Task requirements: After finding the line with "Puede incluir: Una" in the entries below, retype exactly each line from there through the line with "Protester mot den", including that final line.

Data to examine:

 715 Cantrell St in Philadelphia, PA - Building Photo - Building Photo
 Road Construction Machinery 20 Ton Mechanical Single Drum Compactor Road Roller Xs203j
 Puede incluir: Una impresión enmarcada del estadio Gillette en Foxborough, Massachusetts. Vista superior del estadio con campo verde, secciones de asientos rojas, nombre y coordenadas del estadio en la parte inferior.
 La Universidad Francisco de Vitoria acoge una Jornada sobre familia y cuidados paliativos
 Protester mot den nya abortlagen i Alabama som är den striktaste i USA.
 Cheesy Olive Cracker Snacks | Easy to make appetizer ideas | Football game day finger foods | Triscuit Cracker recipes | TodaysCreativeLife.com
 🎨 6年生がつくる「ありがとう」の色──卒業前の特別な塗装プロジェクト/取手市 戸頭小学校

Output for this exercise:
 Puede incluir: Una impresión enmarcada del estadio Gillette en Foxborough, Massachusetts. Vista superior del estadio con campo verde, secciones de asientos rojas, nombre y coordenadas del estadio en la parte inferior.
 La Universidad Francisco de Vitoria acoge una Jornada sobre familia y cuidados paliativos
 Protester mot den nya abortlagen i Alabama som är den striktaste i USA.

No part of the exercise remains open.